An AI-augmented engineering pod is a small team of senior engineers (typically three) operating with internal LLM tooling — retrieval-augmented generation over client codebases, test-scaffolding agents, architectural review agents, and continuous documentation. The combination delivers comparable output to a traditional 15-20 person consulting team at a fraction of the cost.
How much does a 3-person AI-augmented pod cost compared to a traditional consulting engagement?

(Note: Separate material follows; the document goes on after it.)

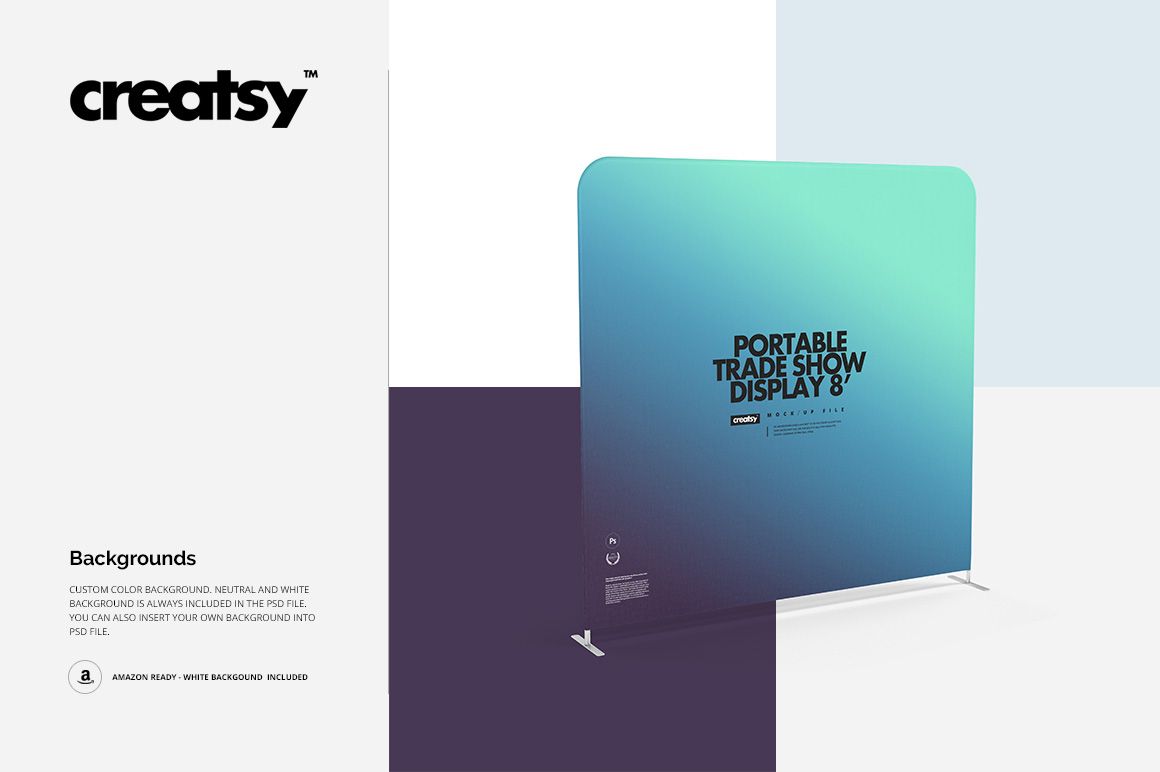 Front-facing mockup of a single-sided portable trade show display with a blue to green gradient panel and metal stand.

A traditional 20-person enterprise consulting engagement runs £150,000-£280,000 per month, totalling £900k-£1.7m over six months. A 3-person AI-augmented pod runs £20,000-£40,000 per month, totalling £120k-£240k over six months — roughly one-sixth the cost for comparable output and a faster ramp.
When does an AI-augmented pod NOT work?
Pods don't work for pure staff-augmentation (when the requirement is many hands on well-defined tasks), greenfield exploratory R&D (where the unknown is what to build, not how), or highly siloed organisations where every merge requires committee approval. The pod model relies on direct engineering relationships and short feedback loops to deliver its leverage.
How is this different from a normal engineering team using GitHub Copilot?
Copilot is incremental productivity for individual engineers, roughly a 15-30% lift on coding tasks. An AI-augmented pod is a different operating model: LLM tooling tuned to the client's codebase, test scaffolding agents, architectural review agents, and continuous documentation built into the engagement. The leverage per senior engineer is 5-10× per person, not 30%.
What does the first 90 days with an Anystack pod look like?
Weeks 1-2 the pod installs: codebase access, LLM tooling deployment, system mapping. Weeks 3-6 the defined goal ships (modernisation, integration, platform stand-up) with continuous delivery and weekly demos. Weeks 7-10 hand-off begins, with the client team taking ownership of new patterns. Weeks 11-12 exit, with runbooks, ADRs, and AI tooling configuration delivered.